Records for this exercise:

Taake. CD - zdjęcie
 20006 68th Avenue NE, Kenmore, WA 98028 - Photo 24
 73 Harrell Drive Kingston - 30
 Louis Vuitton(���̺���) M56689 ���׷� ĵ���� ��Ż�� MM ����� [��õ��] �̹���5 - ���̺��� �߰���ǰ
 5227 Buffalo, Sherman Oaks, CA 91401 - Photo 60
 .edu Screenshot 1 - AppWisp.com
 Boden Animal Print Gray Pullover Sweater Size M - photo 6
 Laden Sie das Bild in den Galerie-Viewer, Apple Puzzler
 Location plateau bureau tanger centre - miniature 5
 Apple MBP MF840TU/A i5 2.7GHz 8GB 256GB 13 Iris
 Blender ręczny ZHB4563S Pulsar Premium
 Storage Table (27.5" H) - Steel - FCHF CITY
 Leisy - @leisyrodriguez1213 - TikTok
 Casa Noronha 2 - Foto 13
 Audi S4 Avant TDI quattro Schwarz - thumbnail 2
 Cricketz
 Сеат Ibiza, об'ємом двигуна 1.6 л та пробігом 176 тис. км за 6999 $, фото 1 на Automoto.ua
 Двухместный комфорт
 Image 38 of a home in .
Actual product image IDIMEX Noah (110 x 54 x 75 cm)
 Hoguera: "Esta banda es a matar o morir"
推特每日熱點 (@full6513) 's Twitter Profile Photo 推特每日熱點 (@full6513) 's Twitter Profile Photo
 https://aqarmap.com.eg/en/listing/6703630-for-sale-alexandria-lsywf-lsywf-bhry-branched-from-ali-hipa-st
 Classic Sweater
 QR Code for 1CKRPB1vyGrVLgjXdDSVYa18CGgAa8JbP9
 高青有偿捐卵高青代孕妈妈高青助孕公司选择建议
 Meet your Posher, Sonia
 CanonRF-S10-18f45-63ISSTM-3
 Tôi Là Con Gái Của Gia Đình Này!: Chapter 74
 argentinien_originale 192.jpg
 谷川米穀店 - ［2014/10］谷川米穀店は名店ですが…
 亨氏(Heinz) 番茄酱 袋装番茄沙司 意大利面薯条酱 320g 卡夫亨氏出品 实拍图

Task details: Word for word, copy all of the listing above.

Result below:
Taake. CD - zdjęcie
 20006 68th Avenue NE, Kenmore, WA 98028 - Photo 24
 73 Harrell Drive Kingston - 30
 Louis Vuitton(���̺���) M56689 ���׷� ĵ���� ��Ż�� MM ����� [��õ��] �̹���5 - ���̺��� �߰���ǰ
 5227 Buffalo, Sherman Oaks, CA 91401 - Photo 60
 .edu Screenshot 1 - AppWisp.com
 Boden Animal Print Gray Pullover Sweater Size M - photo 6
 Laden Sie das Bild in den Galerie-Viewer, Apple Puzzler
 Location plateau bureau tanger centre - miniature 5
 Apple MBP MF840TU/A i5 2.7GHz 8GB 256GB 13 Iris
 Blender ręczny ZHB4563S Pulsar Premium
 Storage Table (27.5" H) - Steel - FCHF CITY
 Leisy - @leisyrodriguez1213 - TikTok
 Casa Noronha 2 - Foto 13
 Audi S4 Avant TDI quattro Schwarz - thumbnail 2
 Cricketz
 Сеат Ibiza, об'ємом двигуна 1.6 л та пробігом 176 тис. км за 6999 $, фото 1 на Automoto.ua
 Двухместный комфорт
 Image 38 of a home in .
Actual product image IDIMEX Noah (110 x 54 x 75 cm)
 Hoguera: "Esta banda es a matar o morir"
推特每日熱點 (@full6513) 's Twitter Profile Photo 推特每日熱點 (@full6513) 's Twitter Profile Photo
 https://aqarmap.com.eg/en/listing/6703630-for-sale-alexandria-lsywf-lsywf-bhry-branched-from-ali-hipa-st
 Classic Sweater
 QR Code for 1CKRPB1vyGrVLgjXdDSVYa18CGgAa8JbP9
 高青有偿捐卵高青代孕妈妈高青助孕公司选择建议
 Meet your Posher, Sonia
 CanonRF-S10-18f45-63ISSTM-3
 Tôi Là Con Gái Của Gia Đình Này!: Chapter 74
 argentinien_originale 192.jpg
 谷川米穀店 - ［2014/10］谷川米穀店は名店ですが…
 亨氏(Heinz) 番茄酱 袋装番茄沙司 意大利面薯条酱 320g 卡夫亨氏出品 实拍图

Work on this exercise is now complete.